§ **Your assignment**: In the entries that follow, the lines from the one with "Chinese Bronze Ink Box: Chinese" through the one with "vidaXL Tête de" are the ones to write out, exactly and with both ends included. Nothing else should appear.

§ **Dataset**:
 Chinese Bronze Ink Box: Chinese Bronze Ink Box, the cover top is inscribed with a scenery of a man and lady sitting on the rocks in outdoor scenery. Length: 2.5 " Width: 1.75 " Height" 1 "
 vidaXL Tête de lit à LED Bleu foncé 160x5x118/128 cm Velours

...

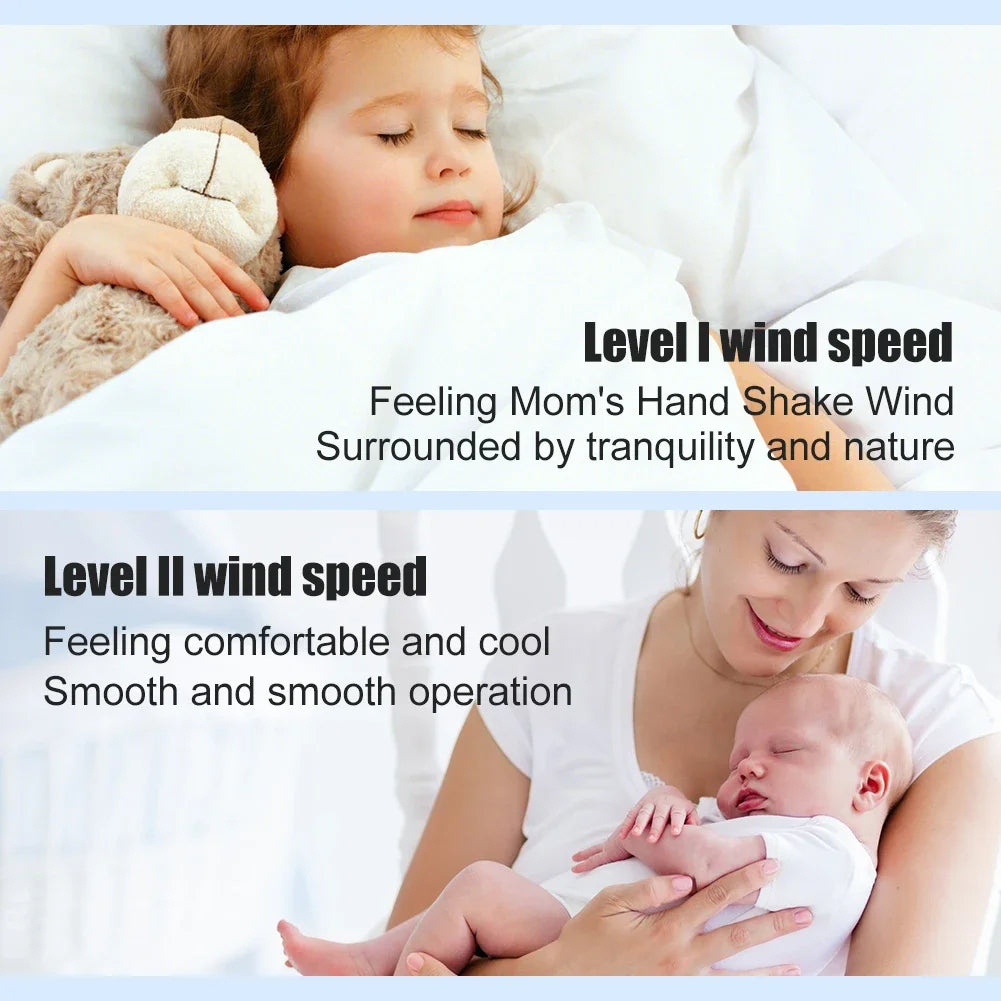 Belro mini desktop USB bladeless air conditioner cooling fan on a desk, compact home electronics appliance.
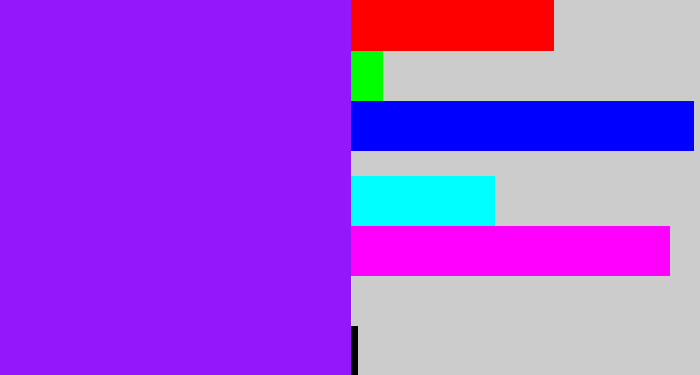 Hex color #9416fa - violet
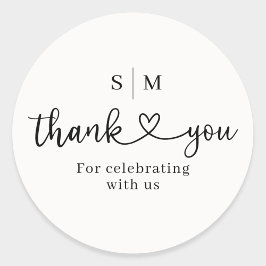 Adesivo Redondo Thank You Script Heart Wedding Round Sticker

§ **Exercise answer**:
 Chinese Bronze Ink Box: Chinese Bronze Ink Box, the cover top is inscribed with a scenery of a man and lady sitting on the rocks in outdoor scenery. Length: 2.5 " Width: 1.75 " Height" 1 "
 vidaXL Tête de lit à LED Bleu foncé 160x5x118/128 cm Velours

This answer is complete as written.